I know a lot of you do mastering or have paid for mastering...

  • Thread starter Thread starter foreverdown
  • Start date Start date
Thanks for the tips :) I also read all of the ones on your site and in that PDF. I'm glad you said stay in 24bit because I would have been recording in 16bit otherwise. since I'm not using it on a DVD but hey ya never know when I might want to put it on a DVD.. so yea. anywho.
 
Massive Master said:
These have probably been revisited a hundred times here, but...
  • Stay in 24-bit
  • HEADROOM is your friend. -6dBfs PEAKS are just fine - Tracking AND mixing. Leave the M.E. some room to work, and your mix some room to breathe.
  • Don't feel a rush to "use all the bits" just to make it loud.
  • Don't strap a limiter across the master buss. If certain tracks are causing nasty errant peaks, limit or compress those tracks if neccessary.
  • Change volume levels frequently during mixing. Try to keep an "anchor" at around 85dB or so, but go louder and quieter here and there. Stay on the lookout for things that "jump out" of the mix at these levels.

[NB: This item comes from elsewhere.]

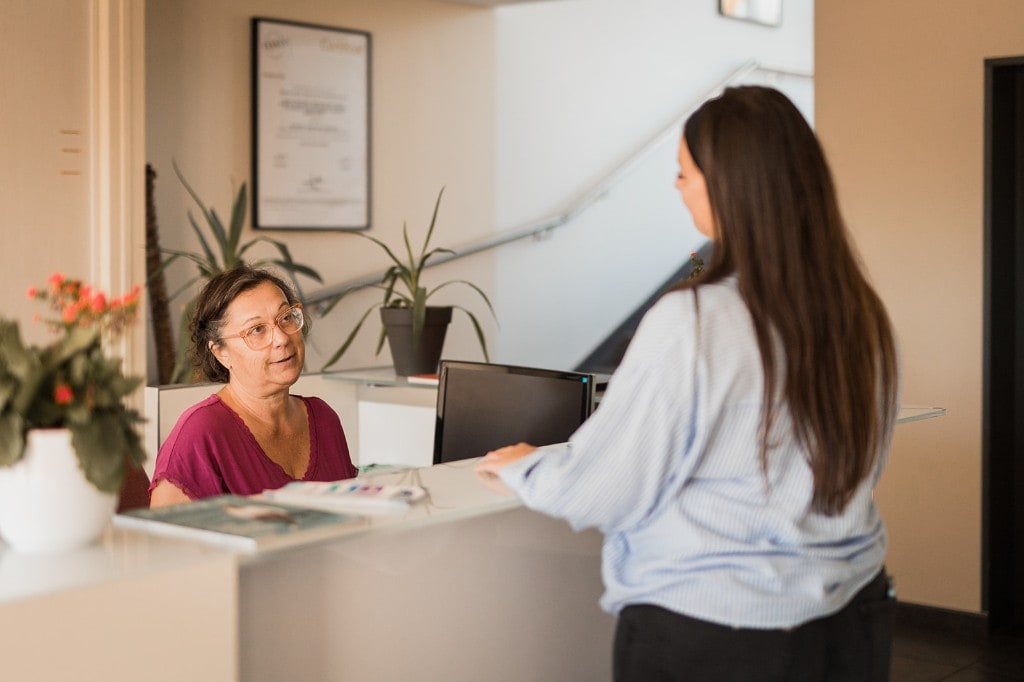 Accueil en agence Mutuale : une conseillère accueille une visiteuse
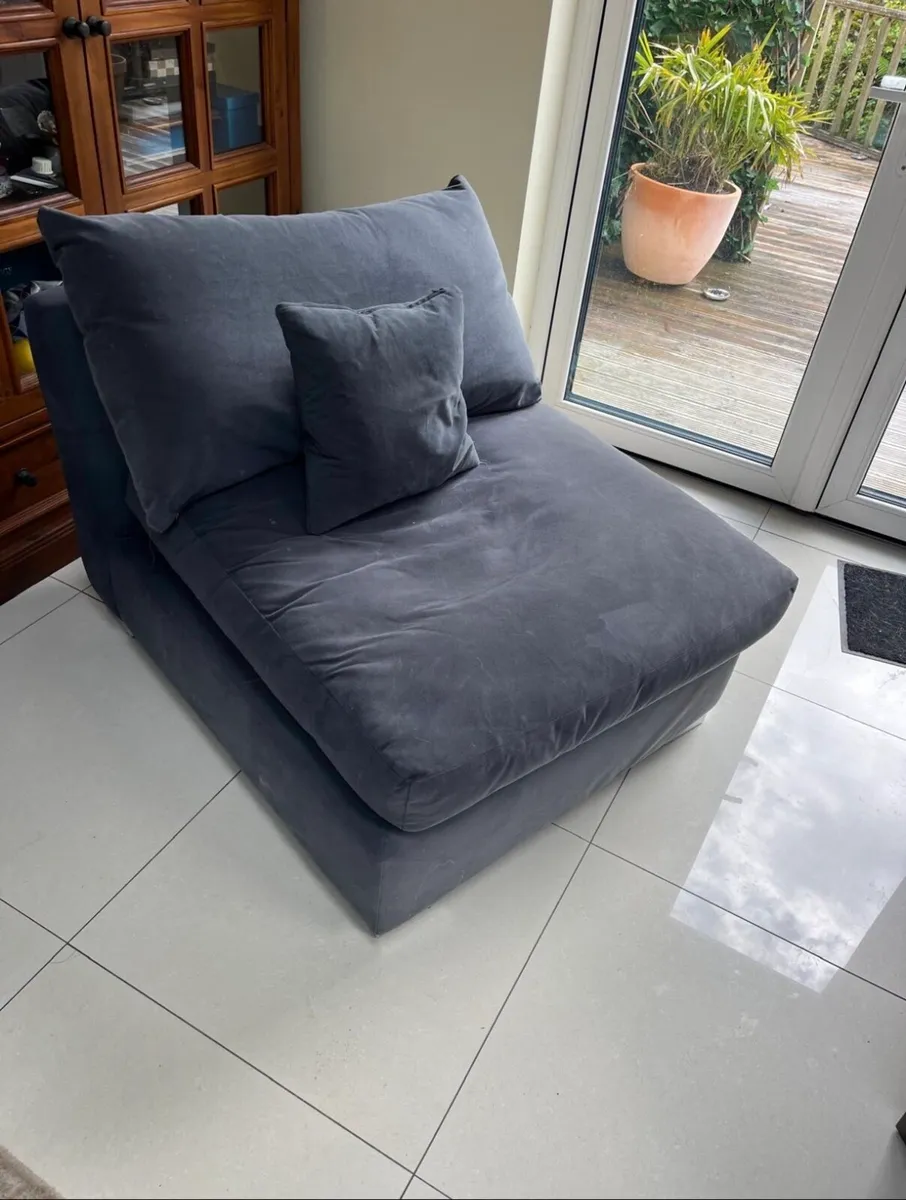 Couch - Image 1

While were on the subject of 24-Bit, would it be better to render each individual track as 24-Bit , even though only 37% of the track is consisted of 24-Bit elements(I'm dealing with one shot samples)?And when dithering down to 16-Bit, will it sound better if I had originally had everything as 24 bit or 16 bit or will it have souinded the same????
 
I look at it this way -

If you're working with 16-bit samples, your program is likely still running at 24 or even 32 bit math, so mixing down to 24-bit isn't going to hurt anything.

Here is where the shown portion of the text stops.